In fact, the scientific community, particularly that associated with medical science, has always adopted a predatory strategy to those who disrupt their established assumptions. This is not the exception, but the norm. Tim Noakes was reduced to utter paranoia after years of unfounded persecution due to uncovering real legit conspiracy, and now has such a deep-rooted distrust of his colleagues that he lets himself entertain just about any anti-establishment theory that comes his way (not that I blame him). Gerta Keller faced threats and sabotage over a fight in the field of paleontology, for crying out loud – how much more vicious do you think it is when there are planetary-scale stakes at hand?

Tin foil for the whole family

Now it’s my turn to pull the conspiracy angle.

What Nafeez Ahmed is doing is a very well-rehearsed strategy that has been the mainstay of authoritarian regimes everywhere. Most people imagine that in authoritarian regimes, the participants do what they do because they have a gun to their heads. The reality is that political systems filter out dissidents from their hierarchies, and most of the propaganda is produced by choice by true believers.

But I am going to argue that Nafeez Ahmed is worse than this. He is a man of no principle, working for money and power alone. And I will use precisely his own tactics to do so. I mean, what could be more fun than a fun-house mirror? I can think just as conspiratorially as Mr Man here.

Nafeez Ahmed’s boss at the Byline Times, Stephen Colegrave, is a member of the British-American Project, a joint American-British intelligence operation run by Chatham House (an organisation run by a revolving door with US and UK intelligence services - eg director DeAnne Julius, formerly of the CIA) to influence left-wing British opinion on foreign policy in a pro-American neocon direction since 1985. It has helped push the Labour Party to join the Iraq War in 2003.

This is part of a broader pattern in American state’s use of a combination of weaponised social media and federally funded favourable coverage by major outlets (plus $1.5bln on propaganda) is far more dangerous than anything a piddling Facebook ad campaign using outdated strategies could ever hope for. The CIA has been peddling influence for decades. NATO does similar stuff too, through the Atlantic Council, and targets rhetorically weak sources of anti-Western counternarratives as enemy misinformation through the obsessive little public stalkers at DFRLabs.

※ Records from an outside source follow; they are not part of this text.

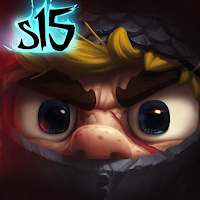 Solo Knight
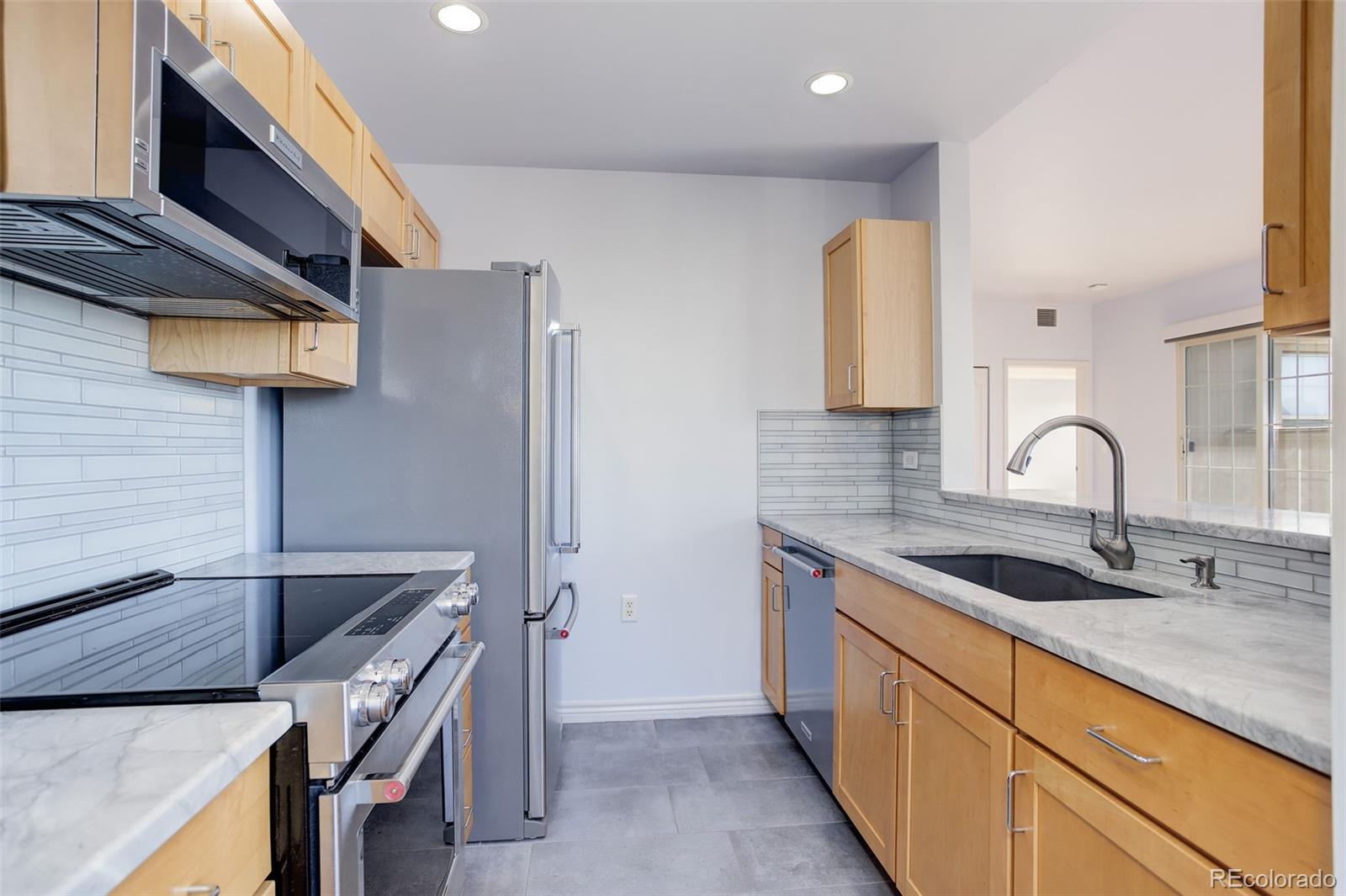 MLS Image #15 for 300 w 11th avenue,denver, Colorado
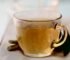 Ginger Tea is Beneficial for Your Health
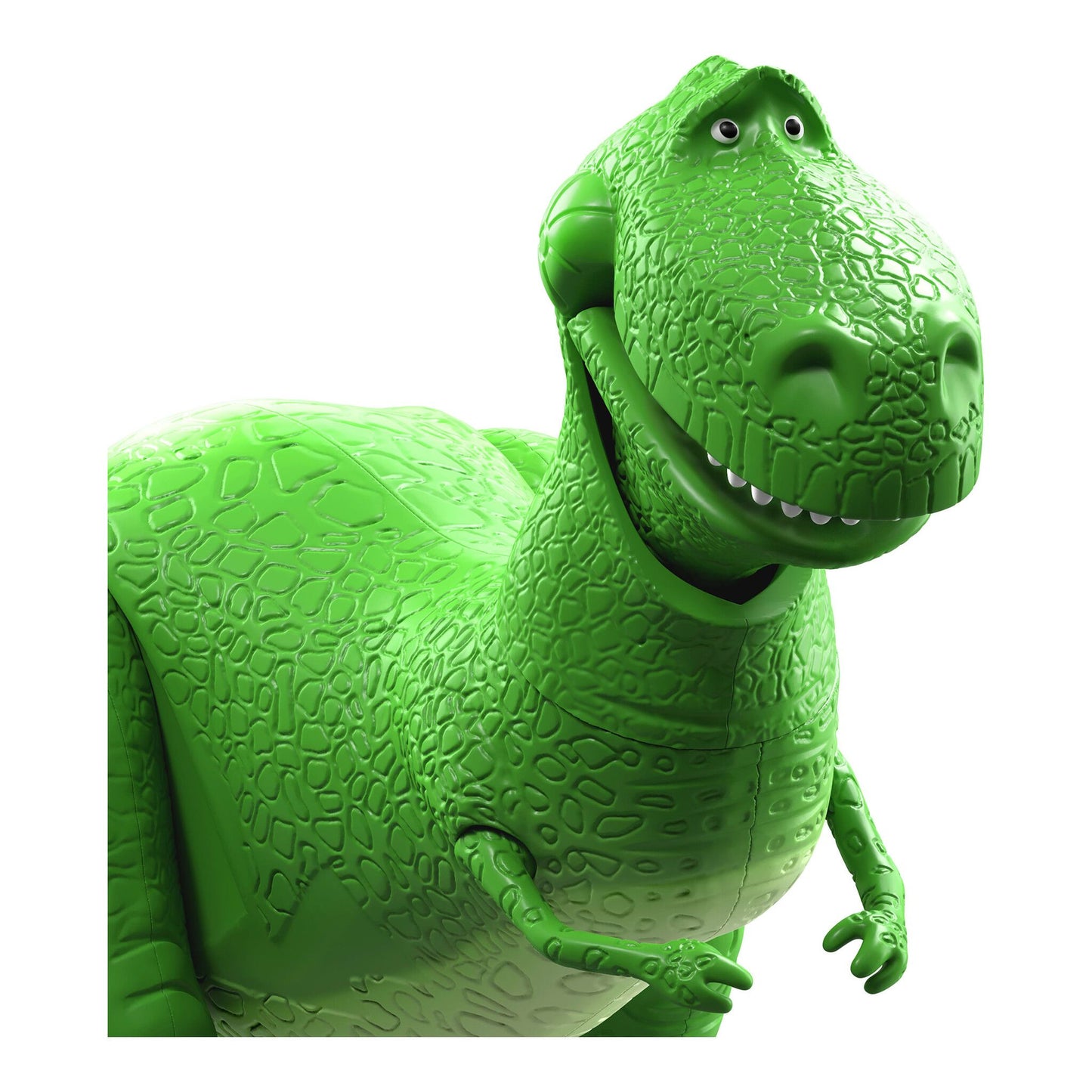 Toy Story 5: Rex Figure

Mainstream media outlets boast of how all their editorial policies are centrally coordinated with state officials who can switch nationwide riots on or off at will using a single 900-contact list zoom conference call, and silence news stories unfavourable to their chosen candidate after spending months kicking everybody off social media who so much as whispered this was the case. Social media has a single cooperative strategy of censorship, and service providers conspire to deplatform and deny services to any competitors who do not cohere with the censorship strategy.

So what’s more plausible? A planet-sized superpower with a history of violent hybrid warfare and sophisticated propaganda scaring people into consensus through proven institutions of control and influence more vast and comprehensive than any in history, who openly declare their strategies…

…or that the only way that anybody could differ from the preferred policies of this power and its permanent geopolitical allies, with whom they coordinate governance strategies, is if it was a conspiracy by its evil enemies, against whom they can still somehow find no hard evidence?

PANDA seem like nice guys. If the academic world don’t like their work, maybe they can organise a nice extended conversation, exchange resources, and everyone can have a thoroughly educational conversation about the balance of evidence for various governing policies and crisis management strategies. But all I see right now, while everybody points fingers and leers and jumps at shadows, is paranoia. And that’s not helping anybody.